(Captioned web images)
*****
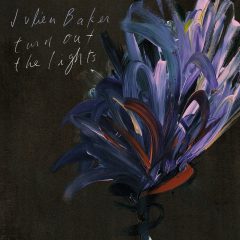 TURN OUT THE LIGHTS by Julien Baker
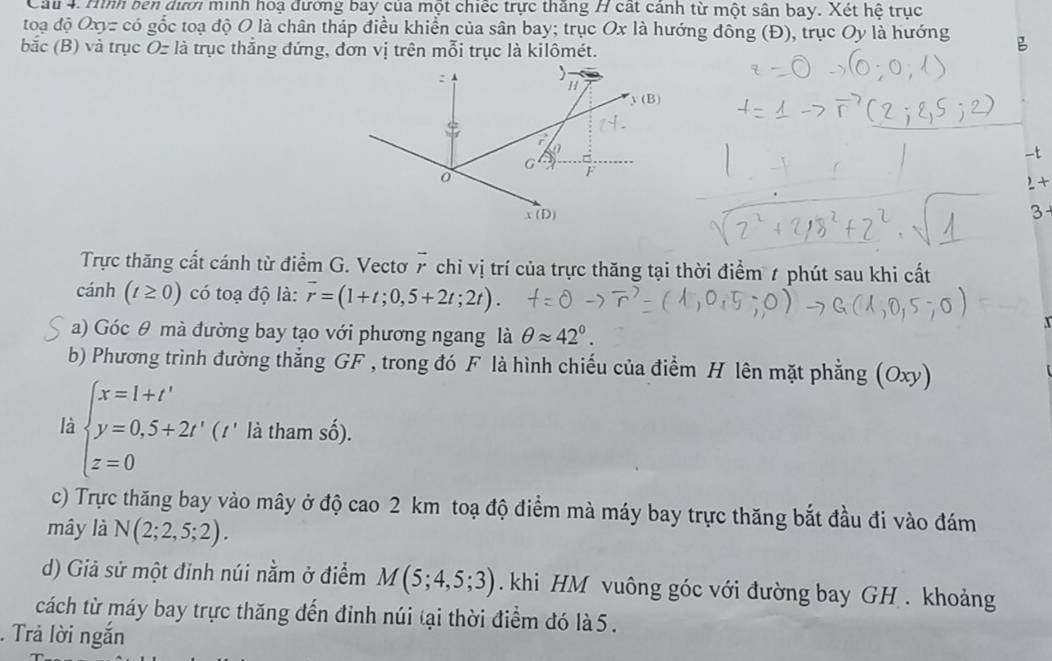 Cầu 4. Hình ben dưới minh hoạ đường bay của một chiếc trực thăng H cát cảnh từ một sân bay. Xét hệ trục
toạ độ Oxyz có gốc toạ độ O là chân tháp điều khiển của sân bay; trục Ox là hướng đông (Đ), trục Oy là hướng
bắc (B) và trục Oz là trục thắng đứng, đơn vị trên mỗi trục là kilômét.
-t
2 +
3
Trực thăng cất cánh từ điểm G. Vectơ vector r chỉ vị trí của trực thăng tại thời điểm 7 phút sau khi cất
cánh (t≥ 0) có toạ độ là: vector r=(1+t;0,5+2t;2t).
a) Góc θ mà đường bay tạo với phương ngang là θ approx 42°.
b) Phương trình đường thẳng GF , trong đó F là hình chiếu của điểm H lên mặt phẳng (Oxy)
là beginarrayl x=1+t' y=0,5+2t' z=0endarray. (1' là tham số).
^^1
c) Trực thăng bay vào mây ở độ cao 2 km toạ độ điểm mà máy bay trực thăng bắt đầu đi vào đám
mây là N(2;2,5;2).
d) Giả sử một đỉnh núi nằm ở điểm M(5;4,5;3). khi HM vuông góc với đường bay GH . khoảng
cách từ máy bay trực thăng đến đinh núi tại thời điểm đó là 5 .
. Trả lời ngắn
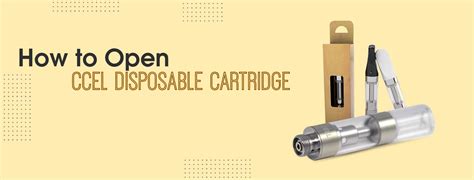 How To Open Ccell Disposable Cartridges A Detailed Guide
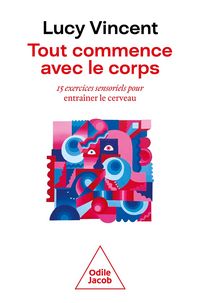 Produktbild: Tout commence avec le corps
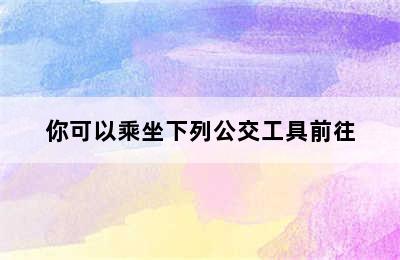 你可以乘坐下列公交工具前往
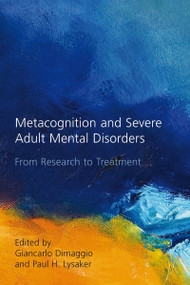 Metacognition and Severe Adult Mental Disorders (From Research to Treatment) by Giancarlo Dimaggio, Paul H. Lysaker, 9780415484237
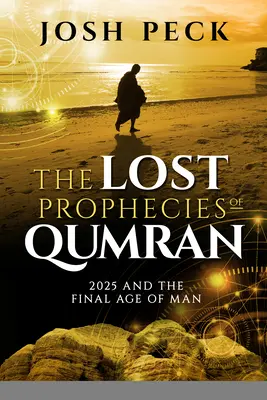 Profețiile pierdute din Qumran: 2025 și epoca finală a omului - The Lost Prophecies of Qumran: 2025 and the Final Age of Man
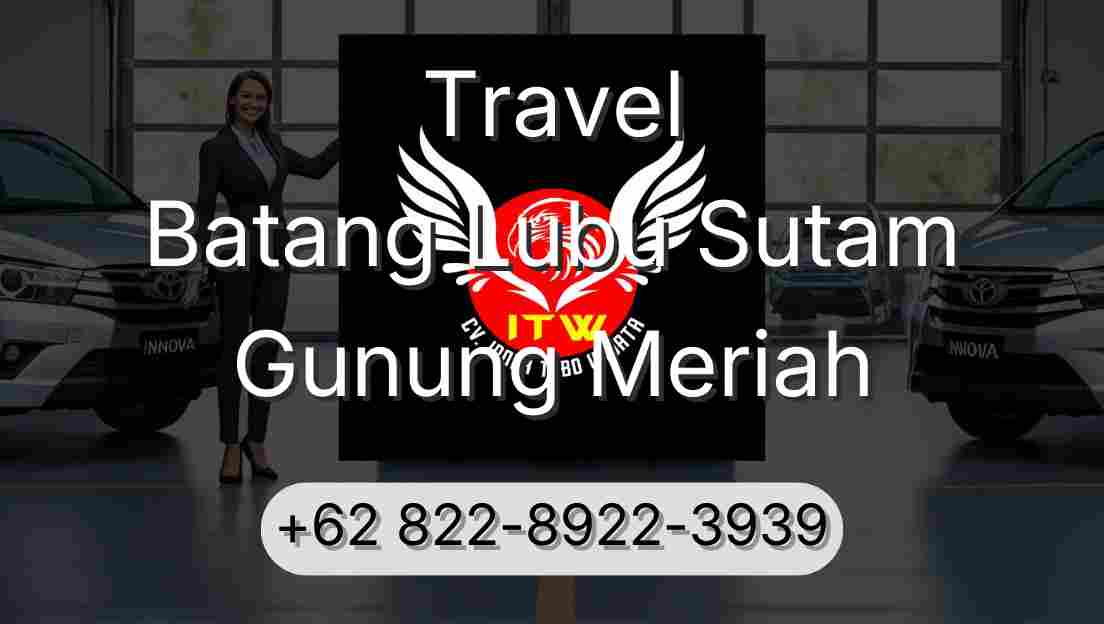 Travel Batang Lubu Sutam Gunung Meriah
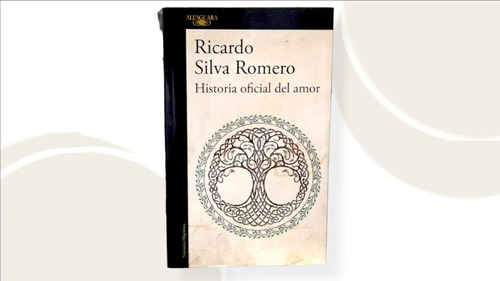 Historia Oficial Del Amor  ( Libro Nuevo Y Original )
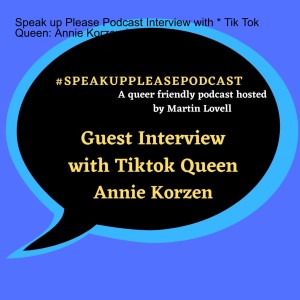 Speak up Please Podcast Interview with: *  Tik Tok Queen *  Annie Korzen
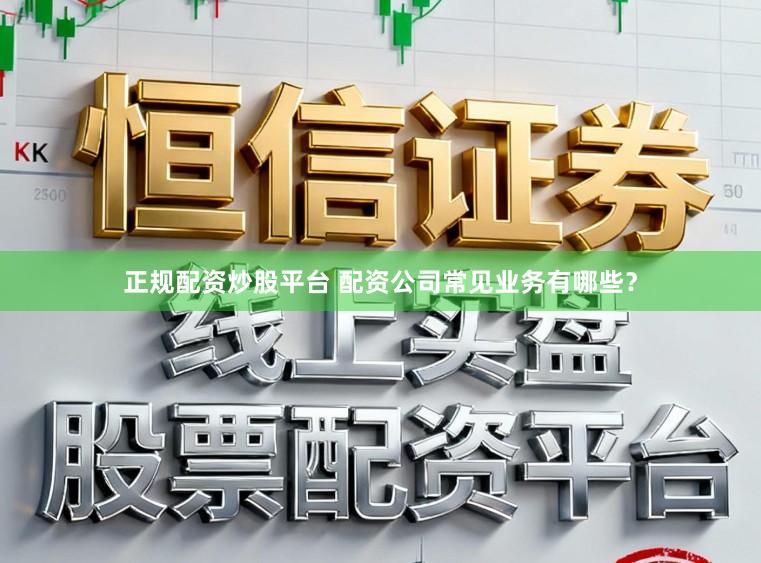 正规配资炒股平台 配资公司常见业务有哪些？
*****
■ **Task description**
Only the lines of the data holding the string "điểm" are wanted; copy each of them.

■ **Your solution**
Trực thăng cất cánh từ điểm G. Vectơ vector r chỉ vị trí của trực thăng tại thời điểm 7 phút sau khi cất
b) Phương trình đường thẳng GF , trong đó F là hình chiếu của điểm H lên mặt phẳng (Oxy)
c) Trực thăng bay vào mây ở độ cao 2 km toạ độ điểm mà máy bay trực thăng bắt đầu đi vào đám
d) Giả sử một đỉnh núi nằm ở điểm M(5;4,5;3). khi HM vuông góc với đường bay GH . khoảng
cách từ máy bay trực thăng đến đinh núi tại thời điểm đó là 5 .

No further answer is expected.